Retailers should exercise caution when adopting new sale names that could, in fact, be registered as a trademark by another company.
Large fashion retailer, Factory X, which owns Gorman, Princess Highway and Dangerfield, has reportedly contacted fashion retailers about taking legal action over their use of the term ‘Black Friday’ — a term Factory X has registered as a trademark, according to The Sydney Morning Herald.
While Black Friday is used globally to refer to sales taking place after US holiday Thanksgiving, WRP associate and specialist in intellectual property law Stephen Annicchiarico says businesses should exercise caution when using terms that may be registered trademarks.
Speaking to SmartCompany, Annicchiarico says it is questionable whether Factory X could enforce the rights it has under the trademark registration in this situation.
“It’s a little bit questionable.
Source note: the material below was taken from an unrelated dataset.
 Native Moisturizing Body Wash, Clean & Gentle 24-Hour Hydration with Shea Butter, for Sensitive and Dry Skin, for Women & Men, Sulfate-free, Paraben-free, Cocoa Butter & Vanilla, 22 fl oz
If you remove the law from this, if you look at every store in Australia over the last two weeks, they have been using the term Black Friday in connection with retail services,” Annicchiarico says.
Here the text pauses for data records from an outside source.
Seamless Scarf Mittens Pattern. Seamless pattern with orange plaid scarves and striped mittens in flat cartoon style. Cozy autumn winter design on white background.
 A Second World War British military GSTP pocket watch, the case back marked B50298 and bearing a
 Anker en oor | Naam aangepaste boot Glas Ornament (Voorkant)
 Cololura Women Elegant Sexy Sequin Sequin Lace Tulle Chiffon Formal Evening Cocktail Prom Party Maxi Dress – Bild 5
According to the Australian trademark register, Factory X registered Black Friday in 2007 as a brand name linked to retail services, clothing, footwear, headwear and accessories.
Annicchiarico says for a trademark to be registered it needs to be distinguishable, and once it is no longer distinguishable or is deemed generic, it can lose registration.
“Genericism is basically around whether a trademark can be deregistered if a member of the public or the industry find that the word is descriptive after the date of registration,” he says.
Good examples of well-known brands with trademarks that became generic are “trampoline” and “zipper”.
If the dispute eventuates, the Australian Trade Marks Office will make a determination, and if that decision isn’t to everyone’s satisfaction, it can be appealed at the Federal Court.
When asked about other large sales that retailers participate in, such as Click Frenzy, Annicchiarico says retailers should be cautious and properly engage in official sales.
Click Frenzy has been registered as a trademark multiple times and is not only a business but also an online sales event.
“Click Frenzy is the one website where all vendors are able to do sales … it’s all connected,” Annicchiarico says.
“I imagine there are licence agreements between Click Frenzy and the other retailers who are participating to use the Click Frenzy trademark,” he says.
“So, I would certainly advise smaller businesses to be careful and exercise caution when using the Click Frenzy name unless they have been given expressed consent from the Click Frenzy business.”